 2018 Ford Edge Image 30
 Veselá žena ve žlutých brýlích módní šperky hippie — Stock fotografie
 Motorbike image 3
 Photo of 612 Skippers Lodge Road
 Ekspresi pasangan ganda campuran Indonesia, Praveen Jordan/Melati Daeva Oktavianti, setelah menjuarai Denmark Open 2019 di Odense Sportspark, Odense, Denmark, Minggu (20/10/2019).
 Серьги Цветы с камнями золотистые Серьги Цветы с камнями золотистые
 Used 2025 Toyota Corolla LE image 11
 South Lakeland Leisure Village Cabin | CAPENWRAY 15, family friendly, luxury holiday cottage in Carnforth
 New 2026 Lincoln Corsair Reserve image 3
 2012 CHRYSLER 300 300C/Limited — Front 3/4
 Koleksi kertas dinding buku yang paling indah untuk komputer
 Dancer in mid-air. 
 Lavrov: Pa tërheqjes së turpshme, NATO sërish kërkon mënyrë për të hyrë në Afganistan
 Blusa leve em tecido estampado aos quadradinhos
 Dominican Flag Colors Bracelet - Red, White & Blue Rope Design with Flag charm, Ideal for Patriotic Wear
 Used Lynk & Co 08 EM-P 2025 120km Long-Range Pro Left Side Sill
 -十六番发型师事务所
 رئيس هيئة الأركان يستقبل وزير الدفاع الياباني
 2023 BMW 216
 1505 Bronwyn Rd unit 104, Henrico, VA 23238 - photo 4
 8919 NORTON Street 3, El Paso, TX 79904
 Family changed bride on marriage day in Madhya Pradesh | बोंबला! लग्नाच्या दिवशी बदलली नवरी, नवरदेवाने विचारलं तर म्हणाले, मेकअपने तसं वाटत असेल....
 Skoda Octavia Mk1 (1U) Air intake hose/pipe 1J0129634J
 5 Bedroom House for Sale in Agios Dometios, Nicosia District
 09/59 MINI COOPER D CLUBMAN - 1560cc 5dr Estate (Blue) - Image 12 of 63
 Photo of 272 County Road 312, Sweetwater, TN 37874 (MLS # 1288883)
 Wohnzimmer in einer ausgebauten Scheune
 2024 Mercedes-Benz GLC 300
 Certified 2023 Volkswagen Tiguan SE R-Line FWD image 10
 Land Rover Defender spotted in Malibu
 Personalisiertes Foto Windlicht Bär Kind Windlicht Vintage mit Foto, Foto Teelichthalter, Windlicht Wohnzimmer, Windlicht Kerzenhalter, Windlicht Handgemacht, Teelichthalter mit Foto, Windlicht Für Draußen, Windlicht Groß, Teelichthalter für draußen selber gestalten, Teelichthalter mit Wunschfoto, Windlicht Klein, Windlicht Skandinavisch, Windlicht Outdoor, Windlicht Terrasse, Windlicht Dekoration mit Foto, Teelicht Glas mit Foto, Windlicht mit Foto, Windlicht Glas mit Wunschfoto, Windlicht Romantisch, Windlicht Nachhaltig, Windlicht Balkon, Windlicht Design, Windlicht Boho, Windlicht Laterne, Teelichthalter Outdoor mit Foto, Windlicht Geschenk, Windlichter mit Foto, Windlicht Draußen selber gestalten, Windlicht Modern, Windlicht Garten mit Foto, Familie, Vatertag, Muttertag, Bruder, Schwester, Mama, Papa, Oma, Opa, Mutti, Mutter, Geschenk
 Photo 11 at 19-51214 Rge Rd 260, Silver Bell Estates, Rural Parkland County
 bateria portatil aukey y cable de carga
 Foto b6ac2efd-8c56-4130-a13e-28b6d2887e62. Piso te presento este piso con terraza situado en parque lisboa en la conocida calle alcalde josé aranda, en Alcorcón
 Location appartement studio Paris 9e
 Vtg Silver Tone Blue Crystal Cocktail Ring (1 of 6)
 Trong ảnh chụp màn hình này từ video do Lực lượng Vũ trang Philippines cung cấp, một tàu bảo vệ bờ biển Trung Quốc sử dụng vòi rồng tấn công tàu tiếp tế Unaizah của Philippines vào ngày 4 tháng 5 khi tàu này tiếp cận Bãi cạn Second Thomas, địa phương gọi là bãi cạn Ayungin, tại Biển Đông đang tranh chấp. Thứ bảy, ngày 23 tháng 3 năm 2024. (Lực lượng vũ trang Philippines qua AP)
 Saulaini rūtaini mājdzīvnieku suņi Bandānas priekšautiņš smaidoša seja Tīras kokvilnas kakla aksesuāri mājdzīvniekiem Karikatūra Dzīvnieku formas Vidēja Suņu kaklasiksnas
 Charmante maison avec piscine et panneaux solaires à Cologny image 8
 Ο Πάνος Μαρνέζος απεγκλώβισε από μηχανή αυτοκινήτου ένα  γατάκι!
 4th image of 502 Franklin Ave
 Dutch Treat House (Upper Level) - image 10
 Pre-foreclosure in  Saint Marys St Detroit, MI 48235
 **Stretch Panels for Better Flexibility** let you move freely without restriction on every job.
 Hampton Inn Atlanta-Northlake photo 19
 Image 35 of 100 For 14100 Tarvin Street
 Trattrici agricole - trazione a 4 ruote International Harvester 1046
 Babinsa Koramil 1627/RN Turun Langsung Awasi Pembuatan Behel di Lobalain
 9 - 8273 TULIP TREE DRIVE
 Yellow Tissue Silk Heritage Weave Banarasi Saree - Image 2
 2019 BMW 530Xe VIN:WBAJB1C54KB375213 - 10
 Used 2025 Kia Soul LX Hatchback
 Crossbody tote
◇ ◇ ◇
TASK ITEM -> Going back to the entries above, set down exactly the lines that begin at the one with "Dancer in mid-air." and end at the one with "8919 NORTON Street 3, El Paso, TX 79904", both included, and nothing else.

REPLY ->
 Dancer in mid-air. 
 Lavrov: Pa tërheqjes së turpshme, NATO sërish kërkon mënyrë për të hyrë në Afganistan
 Blusa leve em tecido estampado aos quadradinhos
 Dominican Flag Colors Bracelet - Red, White & Blue Rope Design with Flag charm, Ideal for Patriotic Wear
 Used Lynk & Co 08 EM-P 2025 120km Long-Range Pro Left Side Sill
 -十六番发型师事务所
 رئيس هيئة الأركان يستقبل وزير الدفاع الياباني
 2023 BMW 216
 1505 Bronwyn Rd unit 104, Henrico, VA 23238 - photo 4
 8919 NORTON Street 3, El Paso, TX 79904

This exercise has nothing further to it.